How can I test if the TV’s optical transmitter is defective?

Quick 3-step test:
  1. Play a Dolby Digital clip via USB.
  2. Connect a <30 cm new Toslink from TV to receiver.
  3. Toggle SPDIF between PCM and Dolby Digital. If silence persists while the same cable works from a PC, the TV’s transmitter or 1.5 kΩ driver resistor is likely dead [Elektroda, maystero, post #12790064]

What’s the maximum safe Toslink cable length?

Plastic-fibre Toslink is specified for 5 m at 48 kHz before attenuation risks errors. Glass-fibre versions reach 15 m. Diagnosing faults with a 0.3 m patch eliminates loss variables [Toslink FAQ].

Is using the headphone jack to RCA a good fallback?

Yes. The jack outputs line-level when no headphone is detected, so feeding the HT-TZ215’s AUX works. Impedance mismatch is negligible; forum users report years of trouble-free use [Elektroda, KOCUREK1970, post #12792266]

How do I update the TV’s firmware to resolve audio bugs?

  1. Download file v2005.0 from Samsung.com.
  2. Unzip to a FAT-32 USB stick.
  3. Menu → Support → Software Update → By USB. Update takes ~5 min and keeps settings. Samsung notes a 35 % drop in audio-routing complaints after this firmware [Samsung Changelog, 2014].
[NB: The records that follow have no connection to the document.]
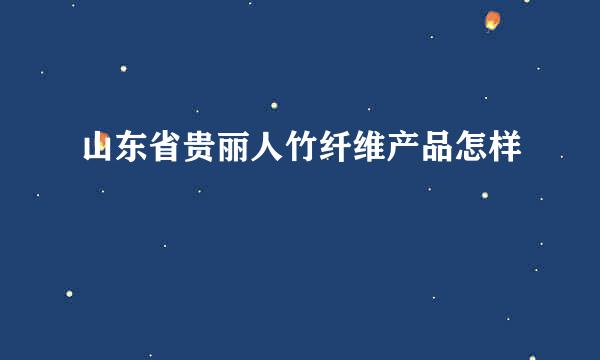 山东省贵丽人竹纤维产品怎样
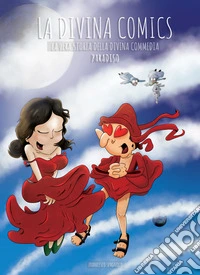 La Divina Comics - ParadisoLa vera storia della Divina Commedia a fumetti. E-book. Formato EPUB ebook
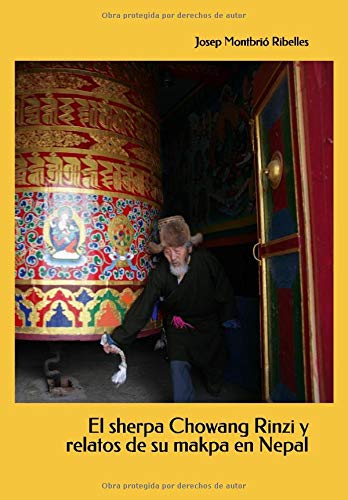 El sherpa Chowang Rinzi y relatos de su makpa en Nepal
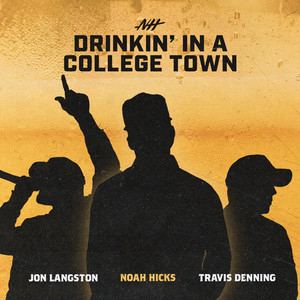 Noah Hicks' new song "Drinkin' Beer In A College Town" is available now, July 2nd, on all streaming platforms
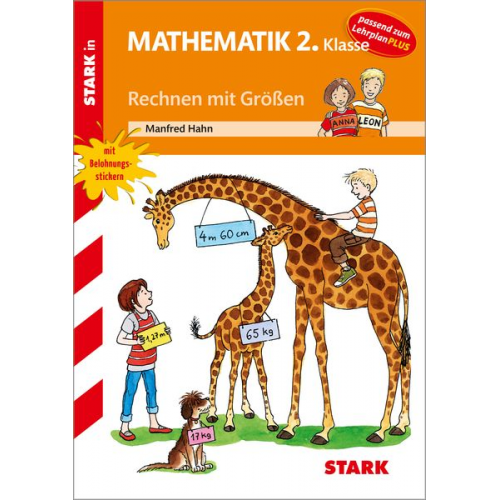 Manfred Hahn - Training Grundschule - Mathematik Rechnen mit Größen 2. Klasse
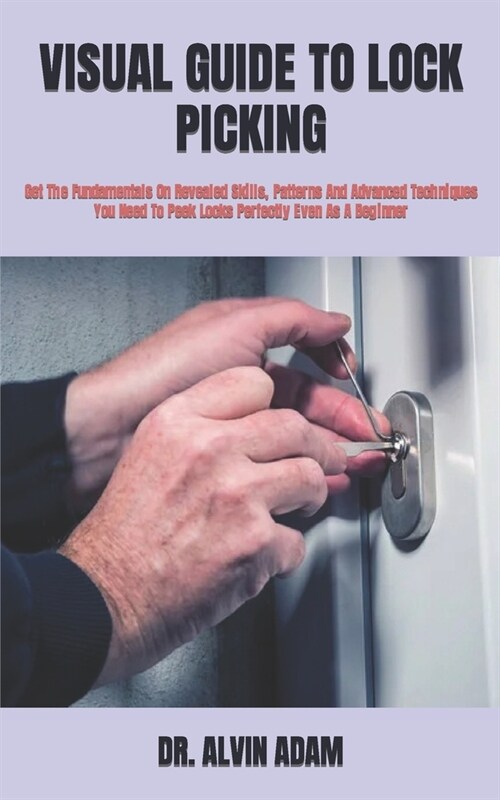 Visual Guide to Lock Picking: Get The Fundamentals On Revealed Skills, Patterns And Advanced Techniques You Need To Peek Locks Perfectly Even As A B (Paperback)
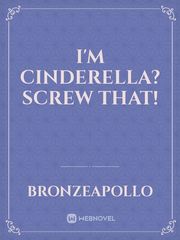 I'm Cinderella? Screw that! Cinderella And Four Knights Novel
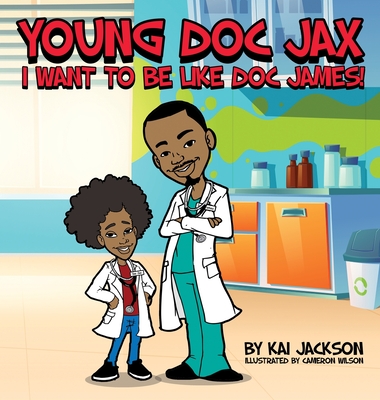 Young Doc Jax: I Want to Be Like Doc James - Jackson, Kai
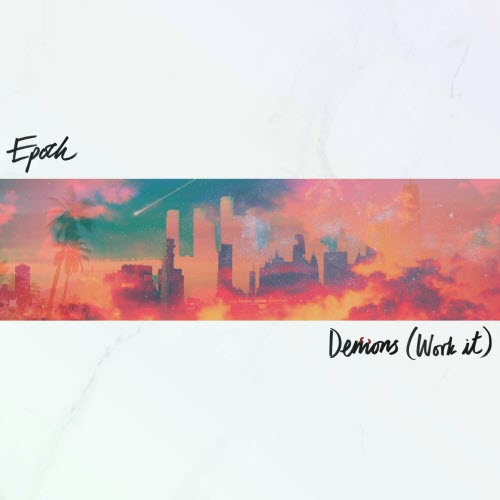 Epoch - Demons (Work It) (2023) [Single]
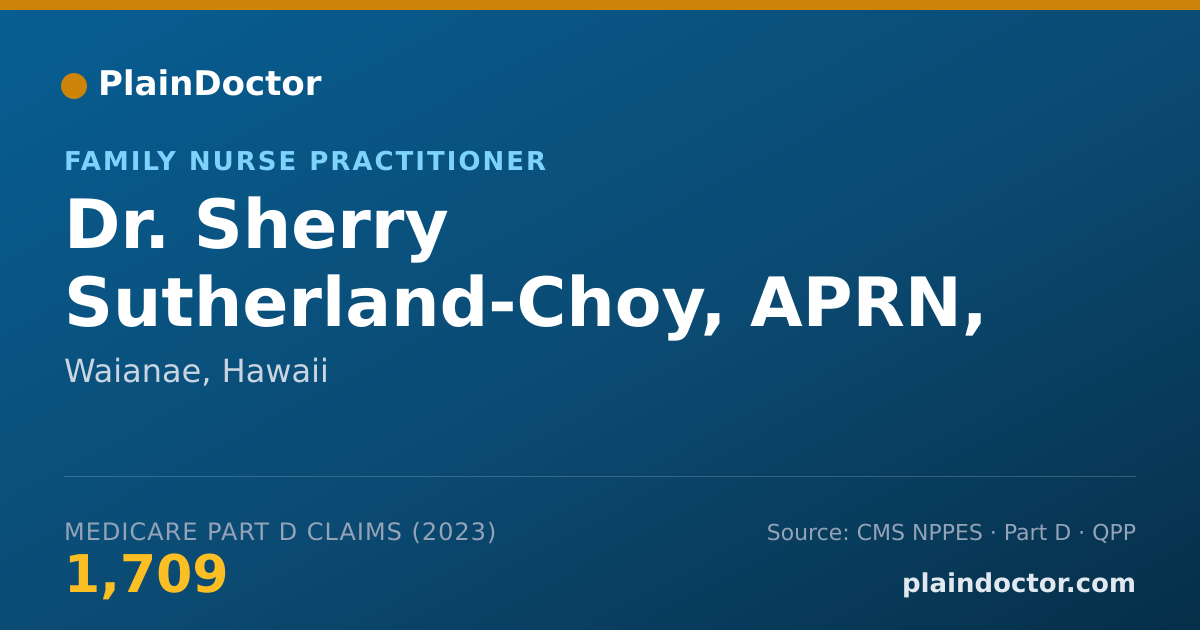 Shareable card for Sherry Sutherland-Choy, APRN, FNP - Family Nurse Practitioner, Waianae, HI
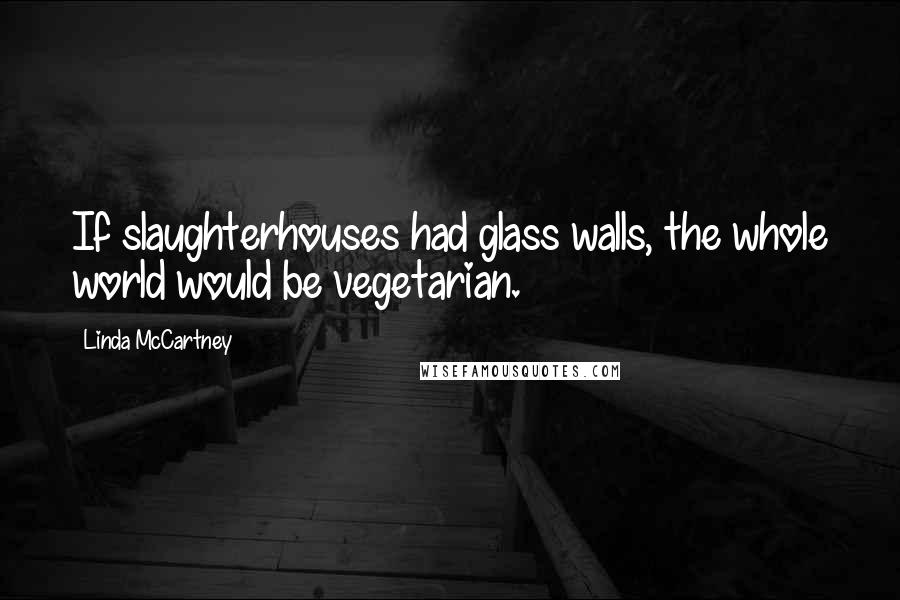 Linda McCartney Quotes: If slaughterhouses had glass walls, the whole world would be vegetarian.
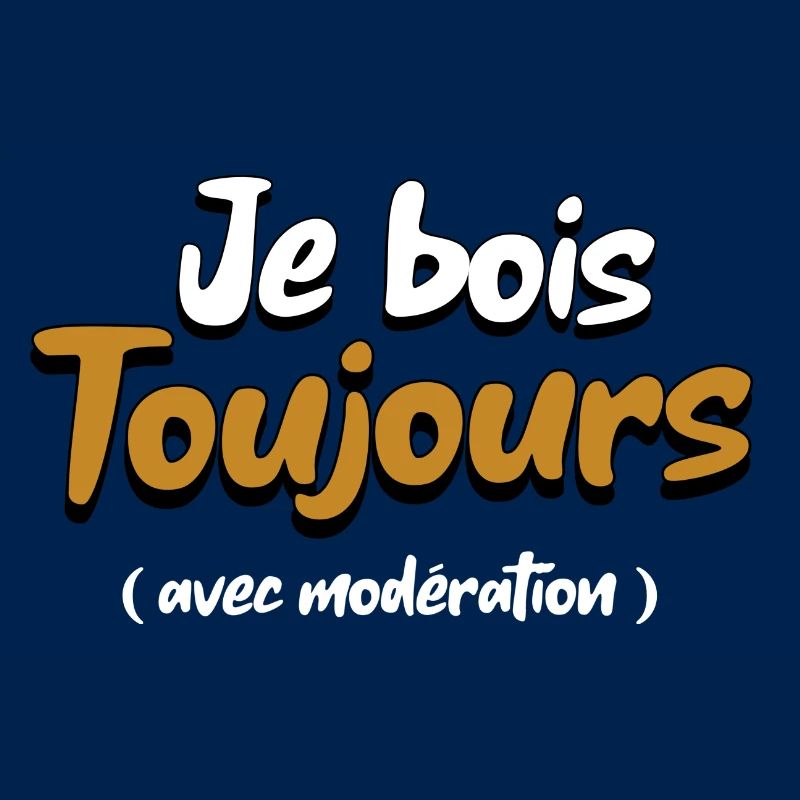 Je Bois Toujours Avec Modération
What if the optical port hardware has failed?

Samsung ES series uses a 3-pin Everlight PLT133. Replacement plus solder labour runs €40–€60 in EU shops [EU Service Survey, 2023]. Less than 4 % of surveyed ES sets needed this fix; most failures followed rough cable yanking—an avoidable edge case.

Can format mismatch cause silence even with correct settings?

Yes. If the receiver expects PCM yet the TV sends Dolby Digital, it may mute. Match formats: set TV to PCM for stereo material or Dolby Digital for bit-streams; select ‘D.IN’ on the HT-TZ215 to auto-detect [Samsung HT-TZ215 Manual, p.18].

Does SPDIF carry high-resolution audio?

No. The interface tops out at 48 kHz/20-bit for multi-channel. For 96 kHz or DTS-HD you need HDMI ARC or eARC. IEC 60958-1 caps bandwidth at 6.144 Mbps, insufficient for lossless 5.1 [IEC 60958-1].